The details of the Salmonella strain collection are described elsewhere (Torpdahl et al. 2005). Seven fragments from housekeeping genes, representing a total of 3336 nucleotides, were sequenced as described (Kidgell et al. 2002) and are available at http://web.mpiib-berlin.mpg.de/mlst. We sequenced 207 enterica, of diverse serotype, along with 20 strains from other subspecies and S. bongori yielding a total of 108 distinct sequence types (STs). Of these, 95 are from enterica, with one to four STs from each of the other subspecies and S. bongori. The most diverse of the subspecies is enterica (table 1) and contains a majority of the 2500 recognized serotypes (Popoff 2001). Neighbour-joining trees based on concatenated sequences confirmed the monophyly of each of the seven groups (figure 3a; Selander et al. 1996) with 100% bootstrap support (note that Typhi is part of enterica; see §4).
Salmonella has traditionally been thought of as largely clonal, based on analyses of its population structure by multilocus enzyme electrophoresis (MLEE; Beltran et al. 1988; Maynard Smith et al. 1993) and nucleotide sequence comparisons (Selander et al. 1996).
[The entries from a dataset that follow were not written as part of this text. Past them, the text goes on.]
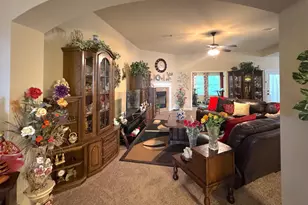 223 Paradise Palm Cir, Crestview, FL 32536 - Photo 7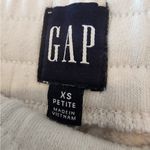 Gap  white jogger pants size womens xs petite Photo 2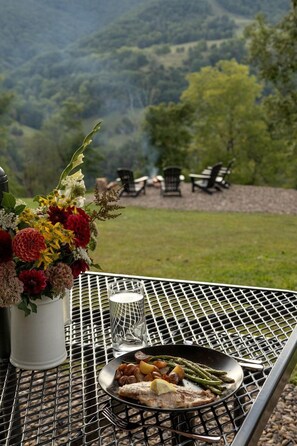 Outdoor dining - Secluded Dome Cabin with Hot Tub, Fire Pit & Mountain Views Near Seneca Rocks, West Virginia (Seneca Rocks)
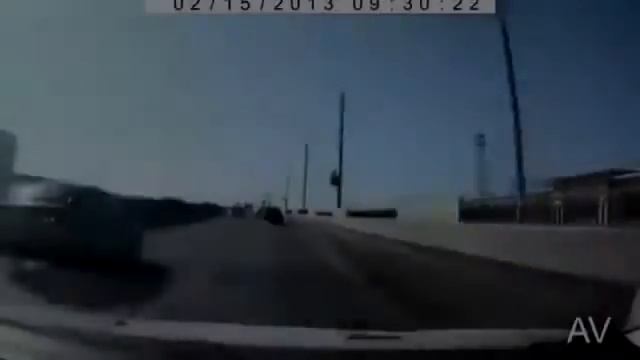 Meteorite falling over Russia AMAZING New HQ Footage Compilation Челябинск метеорит смотреть онлайн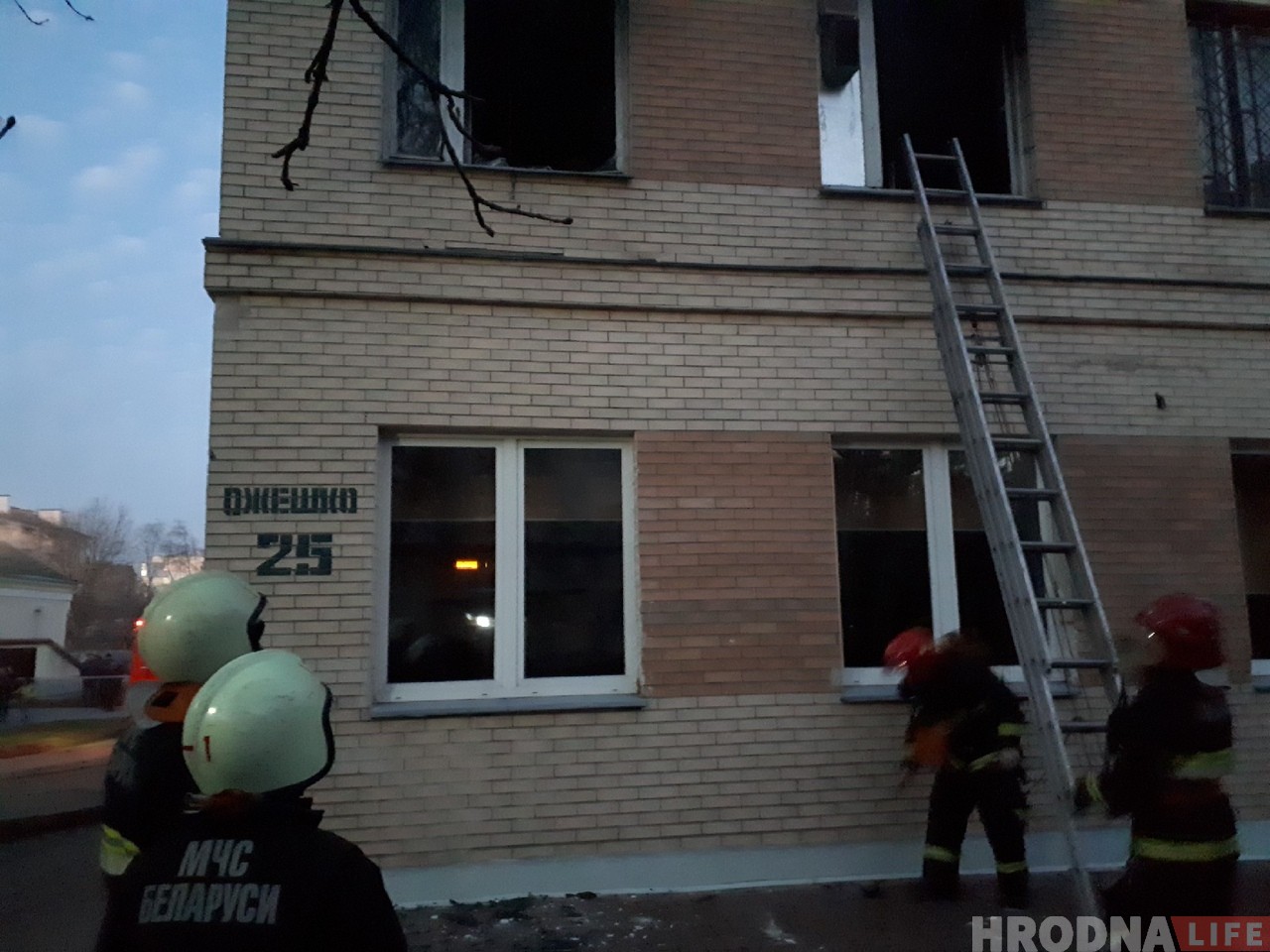 ФОТО: на Ожешко горел солярий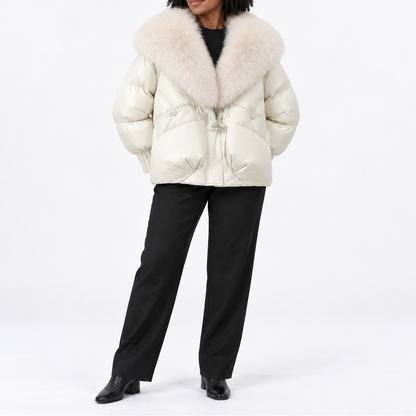 Women's short quilted winter jacket with faux fur collar and balloon sleeves - Elegant jacket for cold fall and winter days, and smart casual layered styling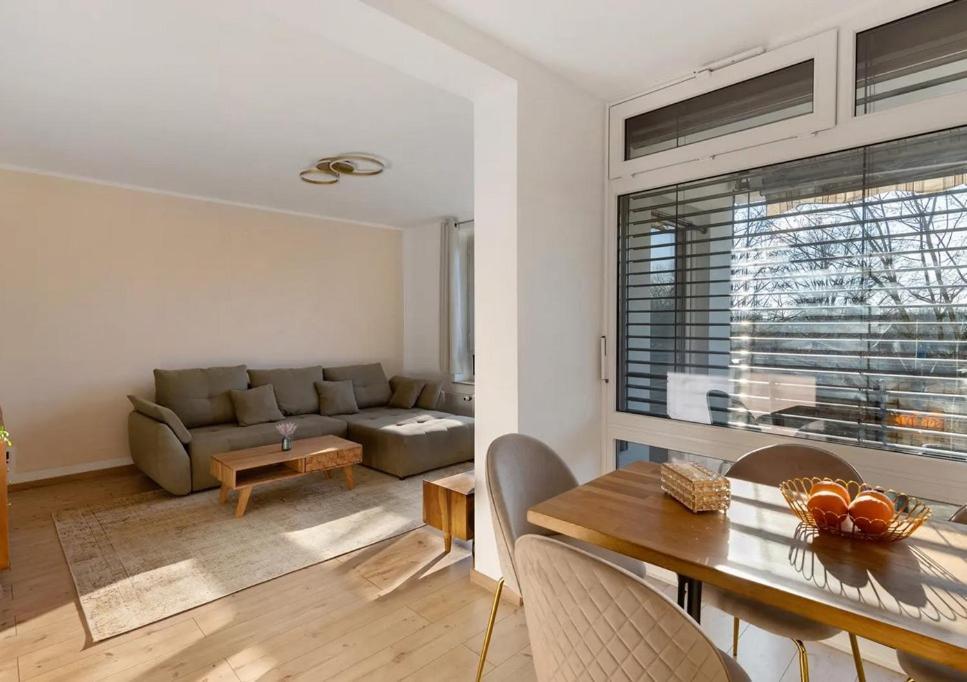 Charmentes Privatzimmer Mit Kueche, Naturgebiet Düsseldorf Exterior foto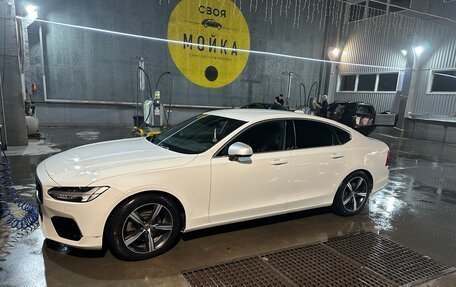 Volvo S90 II рестайлинг, 2017 год, 3 999 000 рублей, 15 фотография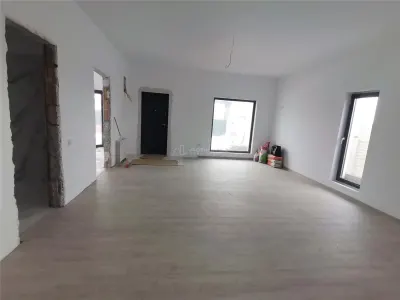 House / villa for sale 82 sqm in Pantelimon, Comuna Pantelimon area - foto 5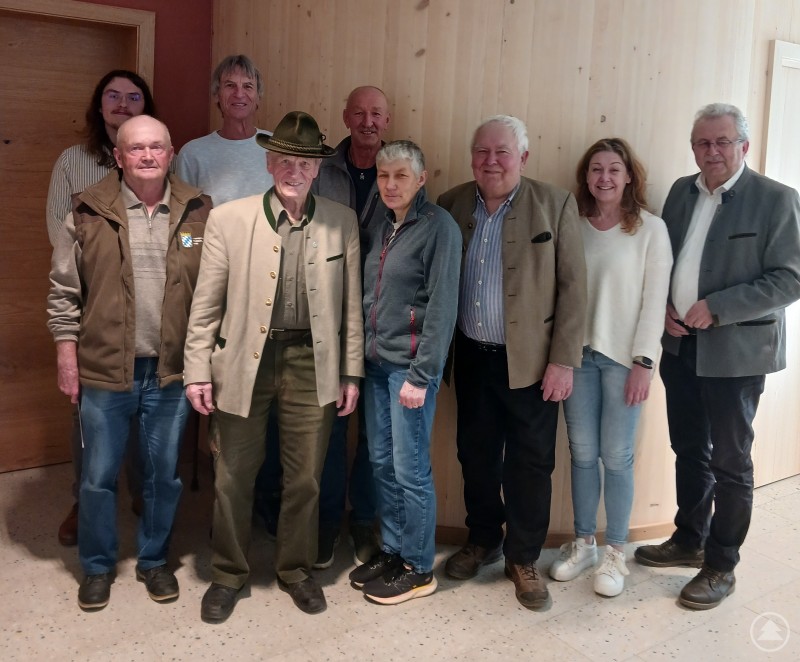 Landrat Josef Laumer mit Sachgebietsleitung Umweltschutz, Irene Denk (2. v. rechts) und Sachbearbeiter Timo Weiß (1. v. links) mit den Geehrten. Landrat Josef Laumer mit Sachgebietsleitung Umweltschutz, Irene Denk (2. v. rechts) und Sachbearbeiter Timo Weiß (1. v. links) mit den Geehrten.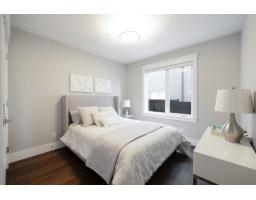 14378 Blackburn Avenue, White Rock, BC V4B3A1 Photo 7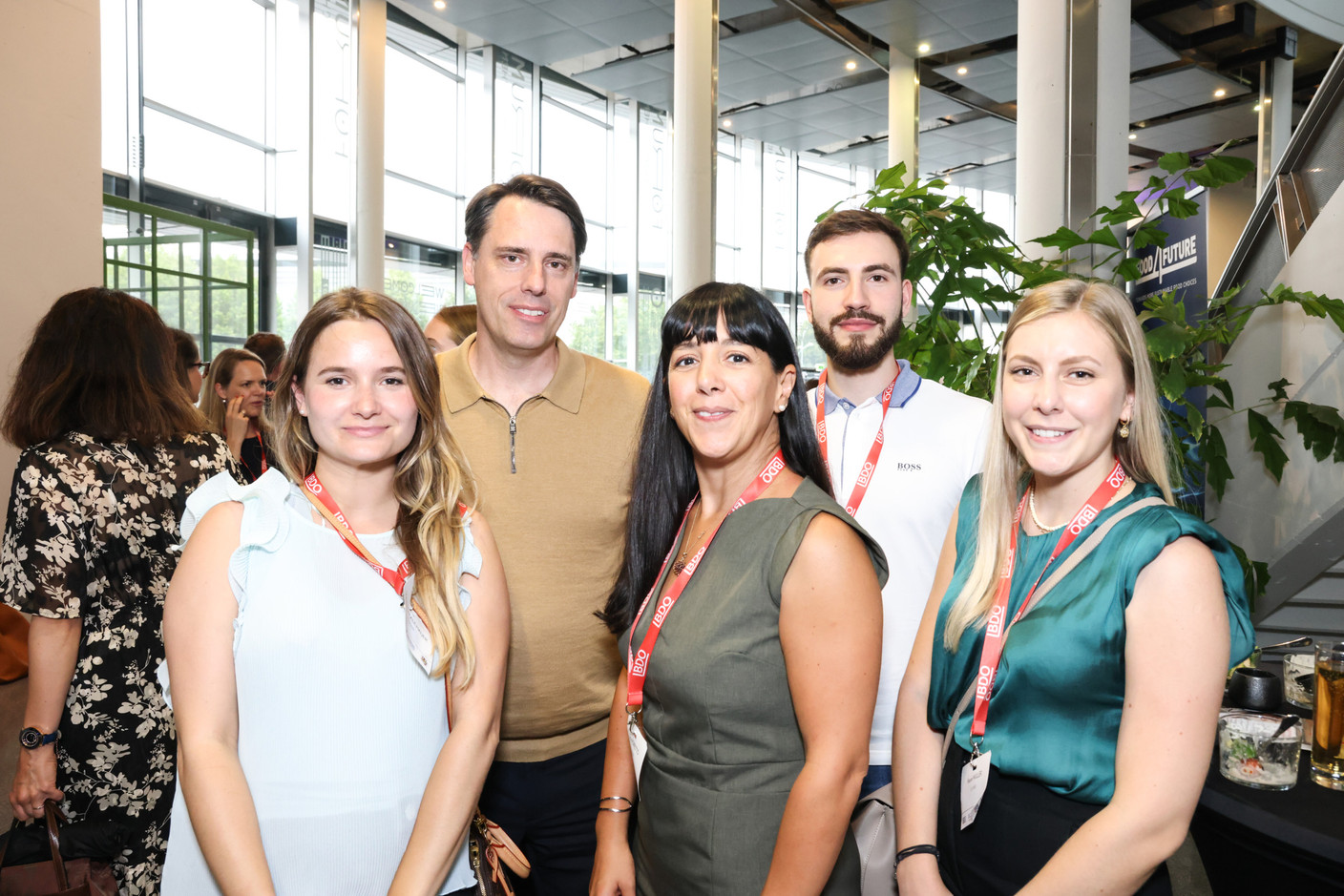 Valentina Faulhauer, Matthieu Cisowski, Lucie Perfetto,  Cedric Semai et Manon Muller (Luxair). (Photo: Marie Russillo/Maison Moderne)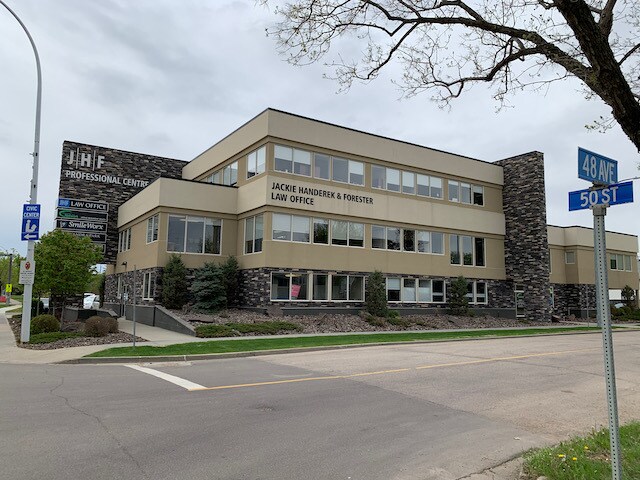 4710 50 St, Leduc, AB à vendre - Photo du bâtiment - Image 1 de 19
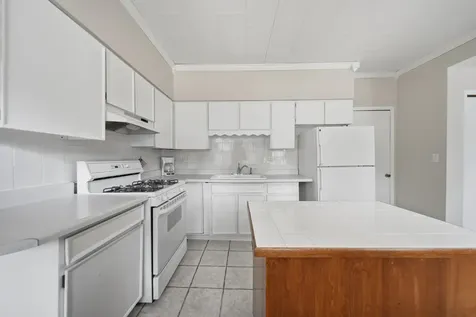 722 Highland Avenue Dixon IL 61021
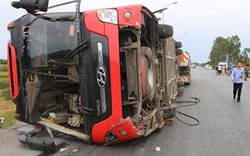 Xe khách ở Nghệ An lao xuống ruộng, 2 người chết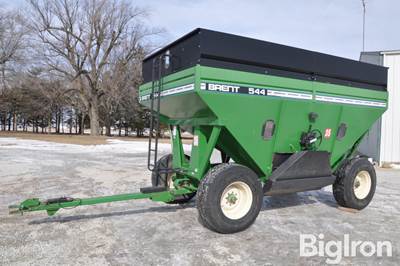 Brent 544 Gravity Wagon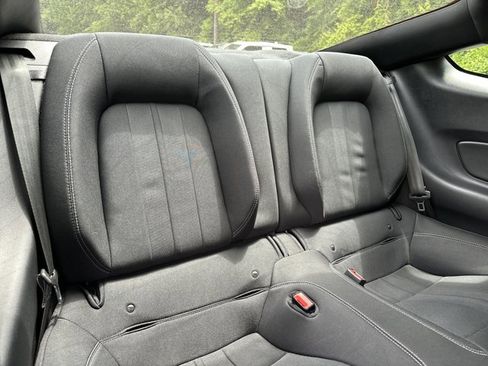 Used 2020 Ford Mustang Coupe RWD image 18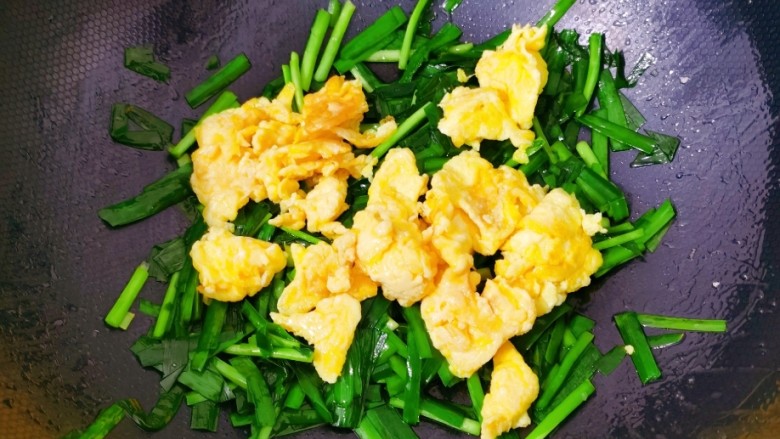 鸡蛋炒韭菜,加入鸡蛋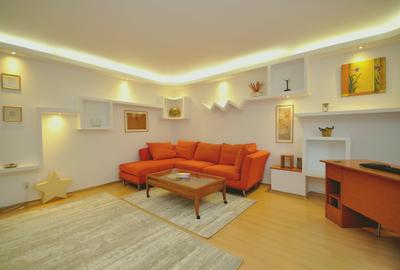 Apartament cu 2 camere decomandat în 13 Septembrie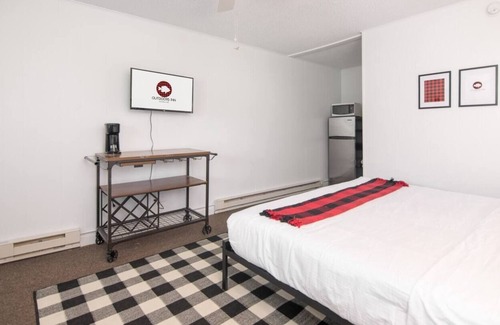 Balsam Lake Apartment | King Room 11 Outdoors Inn -Balsam Lake Upstairs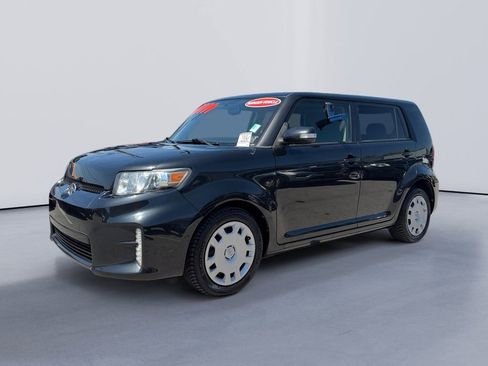 Used 2014 Scion xB FWD image 7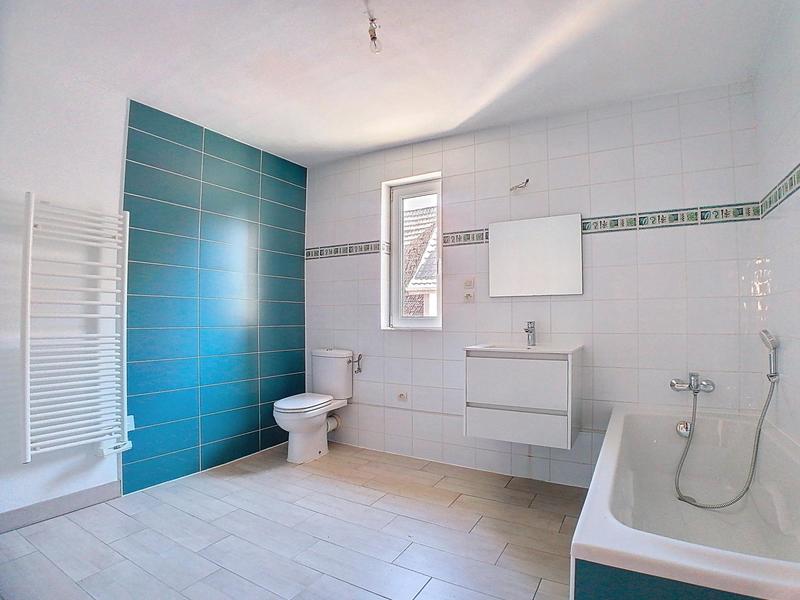 Maison - 185 m² - 7 pièces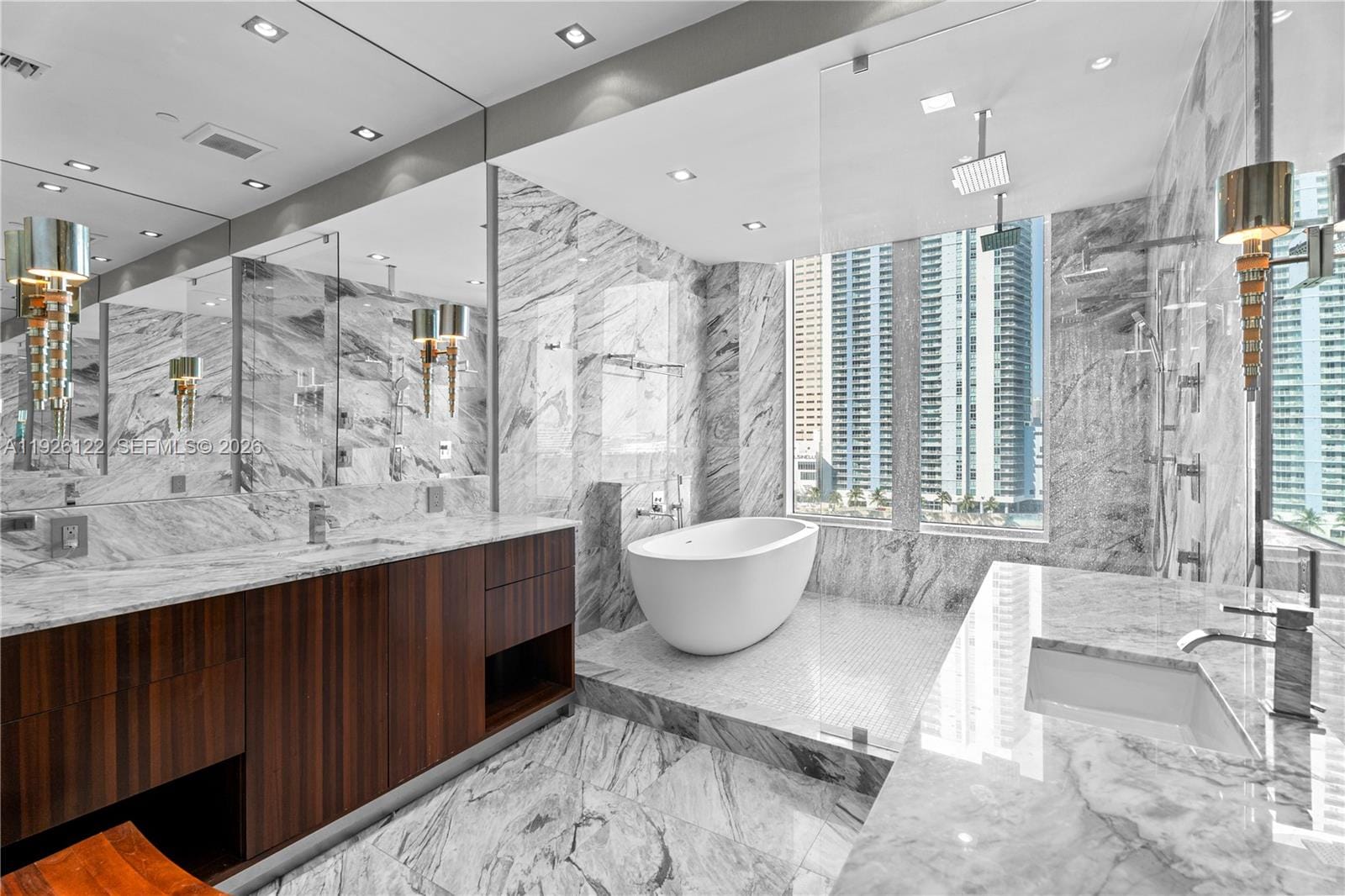 900 Brickell Key Boulevard 803, Miami, FL 33131 photo 17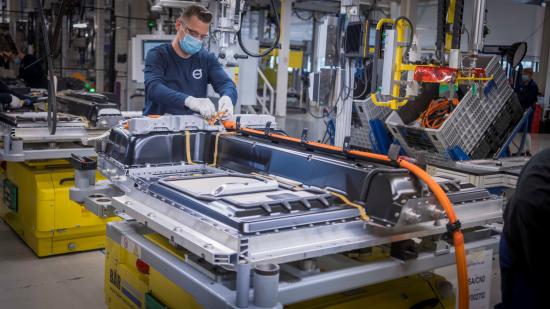 Montage einer Volvo Elektroauto Batterie im Werk. © Volvo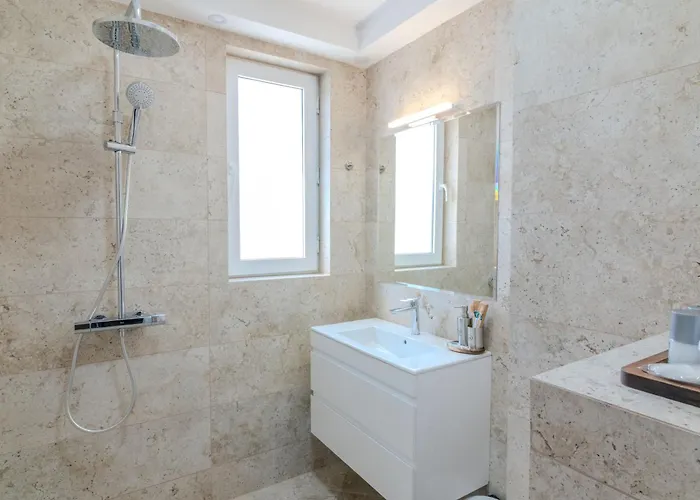 Sea Twins Luxury Aparthotel - 150 M From The Beach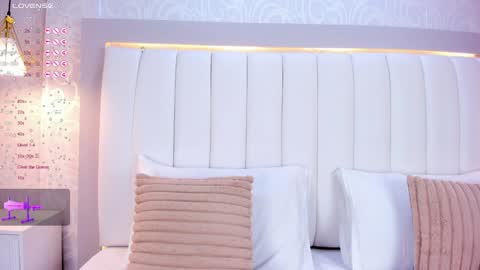 A F R O D I T A  online show from December 2024 12:00:02 PM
However, this clonal paradigm has recently been questioned (Kotetishvili et al. 2002; Brown et al. 2003) because phylogenetic trees for several genes within enterica are incongruent, indicating that recombination has occurred on multiple occasions. Our data also provide evidence for substantial recombination within enterica, as evidenced by a highly mosaic pattern of ancestry (figure 3b), with substantial allele sharing between clades.
In contrast to the pattern observed within enterica, recombination between enterica and the other subspecies is very rare. We used the linkage model of Structure (Pritchard et al. 2000; Falush et al. 2003) to try and identify even very short imports from the other subspecies. Structure assumes that each strain in the sample draws its ancestry from one of the K populations, where K is an integer specified by the user that can be varied from run to run. We used the linkage model, meaning that nucleotides are assumed to be inherited in chunks from each ancestral population. Structure assumes that within each of the K ancestral populations there has been frequent recombination, so that there is no linkage disequilibrium between nucleotides found in chunks inherited from the same population. Structure can be used to perform naive clustering, such that the composition of the ancestral populations is estimated at the same time as the ancestry of each isolate (see below). Alternatively, it is possible to assign individuals to populations at the outset using the Usepopinfo option and to estimate the ancestry of the remaining isolates conditional on the fixed assignments. We used this option to try and identify imports from the other subspecies into enterica (we considered Typhi isolates separately for erroneous reasons; see §4). Each enterica strain was also initialized to its own population (using the Startatpopinfo option), but was subsequently allowed to have mixed ancestry during the run. Stretches of sequence that were assigned to enterica plus Typhi with less than 50% probability represent putative imports and were checked manually. All Structure runs for the Salmonella data were performed with a burn-in of 10 000 iterations and 100 000 subsequent iterations.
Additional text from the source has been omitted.